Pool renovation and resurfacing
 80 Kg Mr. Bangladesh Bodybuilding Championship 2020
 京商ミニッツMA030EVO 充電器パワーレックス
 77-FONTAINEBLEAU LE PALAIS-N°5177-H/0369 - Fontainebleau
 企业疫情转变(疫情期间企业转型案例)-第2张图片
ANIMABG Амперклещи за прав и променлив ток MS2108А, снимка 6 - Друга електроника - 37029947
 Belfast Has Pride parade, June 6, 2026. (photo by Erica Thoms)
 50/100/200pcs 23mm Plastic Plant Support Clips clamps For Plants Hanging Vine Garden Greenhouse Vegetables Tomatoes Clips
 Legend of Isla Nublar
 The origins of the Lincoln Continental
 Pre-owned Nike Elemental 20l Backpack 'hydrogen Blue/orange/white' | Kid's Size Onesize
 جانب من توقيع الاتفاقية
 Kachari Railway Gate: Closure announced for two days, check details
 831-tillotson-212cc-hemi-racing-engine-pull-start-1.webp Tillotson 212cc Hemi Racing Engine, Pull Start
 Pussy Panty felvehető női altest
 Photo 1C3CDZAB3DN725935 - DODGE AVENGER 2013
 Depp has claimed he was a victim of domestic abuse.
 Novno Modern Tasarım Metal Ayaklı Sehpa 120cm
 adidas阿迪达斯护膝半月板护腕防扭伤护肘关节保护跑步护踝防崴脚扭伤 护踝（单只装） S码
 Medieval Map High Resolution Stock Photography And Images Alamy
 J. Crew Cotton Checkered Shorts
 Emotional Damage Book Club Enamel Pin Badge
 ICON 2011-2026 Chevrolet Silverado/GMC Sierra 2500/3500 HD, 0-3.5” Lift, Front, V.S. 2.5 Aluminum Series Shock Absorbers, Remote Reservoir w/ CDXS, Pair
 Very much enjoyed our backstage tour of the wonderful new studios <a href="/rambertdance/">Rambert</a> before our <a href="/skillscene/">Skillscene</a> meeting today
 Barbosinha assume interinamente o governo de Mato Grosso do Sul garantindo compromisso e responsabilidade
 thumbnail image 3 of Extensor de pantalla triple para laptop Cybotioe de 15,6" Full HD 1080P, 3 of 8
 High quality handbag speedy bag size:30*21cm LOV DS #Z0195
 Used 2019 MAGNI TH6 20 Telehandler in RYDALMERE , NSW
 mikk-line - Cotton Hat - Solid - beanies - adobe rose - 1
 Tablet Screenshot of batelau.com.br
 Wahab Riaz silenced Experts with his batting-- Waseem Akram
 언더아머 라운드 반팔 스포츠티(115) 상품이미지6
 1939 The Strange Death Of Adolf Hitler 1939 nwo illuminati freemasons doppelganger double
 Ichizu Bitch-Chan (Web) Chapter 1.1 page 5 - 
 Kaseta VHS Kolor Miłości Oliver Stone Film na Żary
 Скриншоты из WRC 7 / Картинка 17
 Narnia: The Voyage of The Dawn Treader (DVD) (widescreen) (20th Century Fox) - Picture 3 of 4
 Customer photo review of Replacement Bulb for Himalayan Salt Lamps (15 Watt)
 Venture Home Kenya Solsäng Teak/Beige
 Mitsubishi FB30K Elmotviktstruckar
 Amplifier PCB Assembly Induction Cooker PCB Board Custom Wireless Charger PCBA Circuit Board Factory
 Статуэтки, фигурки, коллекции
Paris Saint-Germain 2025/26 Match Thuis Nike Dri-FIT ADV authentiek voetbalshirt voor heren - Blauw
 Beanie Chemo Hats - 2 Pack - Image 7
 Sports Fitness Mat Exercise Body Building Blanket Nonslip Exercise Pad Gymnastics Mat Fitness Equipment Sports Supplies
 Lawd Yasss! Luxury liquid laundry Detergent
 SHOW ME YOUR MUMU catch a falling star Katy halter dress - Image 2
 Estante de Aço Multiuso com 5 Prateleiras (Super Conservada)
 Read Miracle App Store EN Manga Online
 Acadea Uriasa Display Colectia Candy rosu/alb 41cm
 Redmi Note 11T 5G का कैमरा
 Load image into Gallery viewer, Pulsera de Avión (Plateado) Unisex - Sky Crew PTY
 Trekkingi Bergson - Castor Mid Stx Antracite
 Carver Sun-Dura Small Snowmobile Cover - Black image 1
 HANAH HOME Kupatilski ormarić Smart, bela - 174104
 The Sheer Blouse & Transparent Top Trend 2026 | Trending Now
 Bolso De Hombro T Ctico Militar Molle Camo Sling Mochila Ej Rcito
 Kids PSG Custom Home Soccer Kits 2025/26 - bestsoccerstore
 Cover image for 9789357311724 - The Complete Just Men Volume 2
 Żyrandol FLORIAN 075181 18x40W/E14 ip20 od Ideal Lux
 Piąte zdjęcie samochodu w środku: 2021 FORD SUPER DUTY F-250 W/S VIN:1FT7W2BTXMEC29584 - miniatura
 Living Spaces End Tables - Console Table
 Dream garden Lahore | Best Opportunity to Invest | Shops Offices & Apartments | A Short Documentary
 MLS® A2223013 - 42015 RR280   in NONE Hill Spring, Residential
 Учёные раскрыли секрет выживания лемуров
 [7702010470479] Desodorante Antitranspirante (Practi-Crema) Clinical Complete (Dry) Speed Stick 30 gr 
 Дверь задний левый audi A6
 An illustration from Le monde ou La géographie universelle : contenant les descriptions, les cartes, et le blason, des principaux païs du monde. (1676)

- _WORK ORDER_
Return only the lines above that run from the opening line through the line containing "ANIMABG Амперклещи за", exactly as written.

- _FINISHED TASK_
Pool renovation and resurfacing
 80 Kg Mr. Bangladesh Bodybuilding Championship 2020
 京商ミニッツMA030EVO 充電器パワーレックス
 77-FONTAINEBLEAU LE PALAIS-N°5177-H/0369 - Fontainebleau
 企业疫情转变(疫情期间企业转型案例)-第2张图片
ANIMABG Амперклещи за прав и променлив ток MS2108А, снимка 6 - Друга електроника - 37029947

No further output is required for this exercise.